> [Data block]
-.-.-

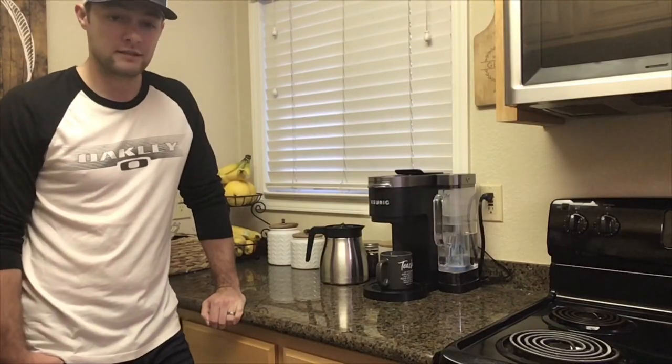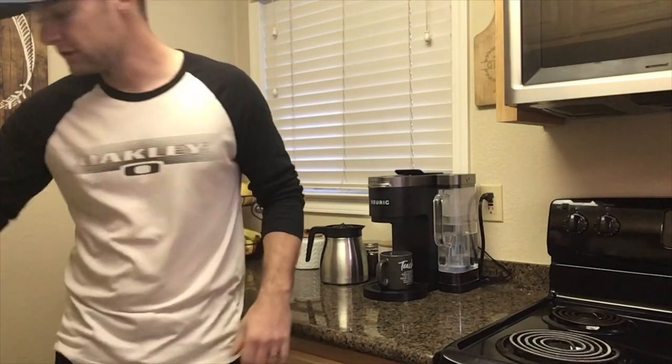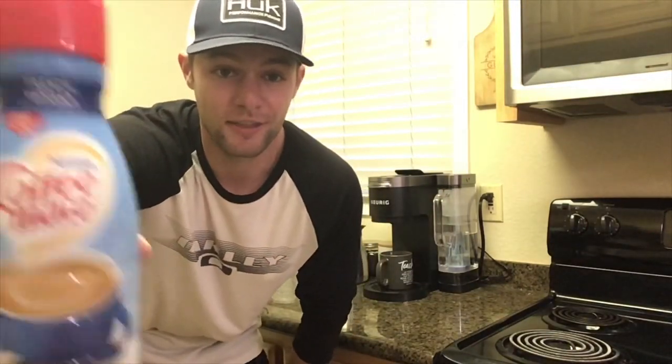Now, once the coffee is made, you don't touch it anymore. This is what you do — you go into the fridge, you get out the creamer, and you drink it, because we all know that's the best part.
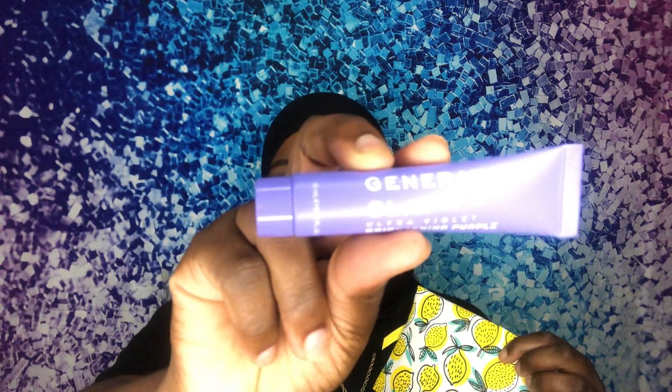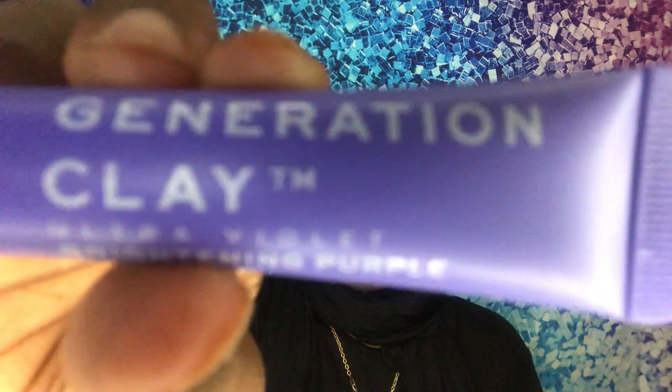The next thing I have is this Generation Clay ultraviolet brightening purple clay mask. It comes in this little container. I cannot wait to use this.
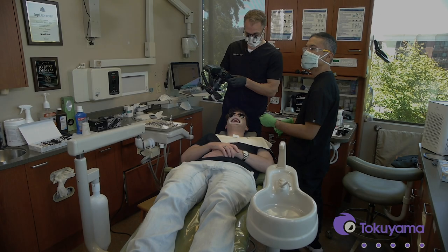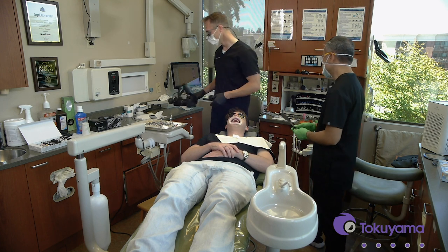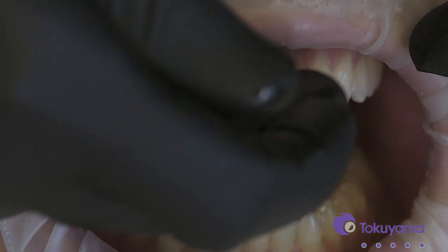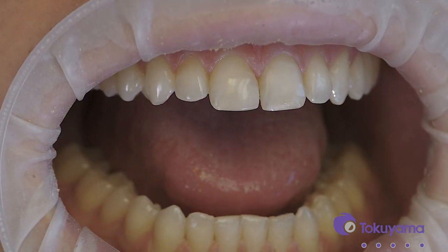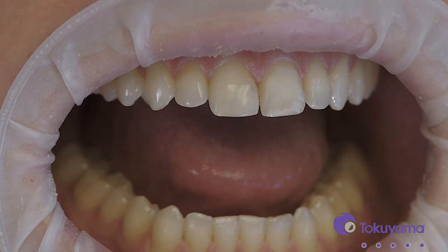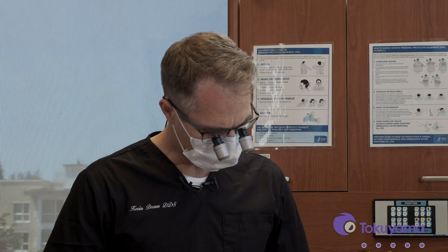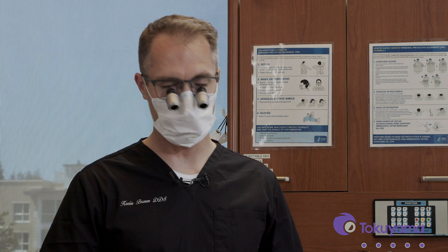I can zoom in on that as close as I want to get and it is just perfectly, perfectly invisible — that is just awesome stuff. Mason, if he wanted to whiten his teeth at some point, this composite will blend in with it because it's gathering its color from the surrounding tooth. As time goes on his composite is still going to match because it will just blend in perfectly. The technology behind it is wonderful, and I hope you guys can find as much joy and success with it as I have.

-.-.-

> [What is expected] Return the listing above in an exact copy that leaves out the images.

> [Problem solution]
Now, once the coffee is made, you don't touch it anymore. This is what you do — you go into the fridge, you get out the creamer, and you drink it, because we all know that's the best part.
The next thing I have is this Generation Clay ultraviolet brightening purple clay mask. It comes in this little container. I cannot wait to use this.
I can zoom in on that as close as I want to get and it is just perfectly, perfectly invisible — that is just awesome stuff. Mason, if he wanted to whiten his teeth at some point, this composite will blend in with it because it's gathering its color from the surrounding tooth. As time goes on his composite is still going to match because it will just blend in perfectly. The technology behind it is wonderful, and I hope you guys can find as much joy and success with it as I have.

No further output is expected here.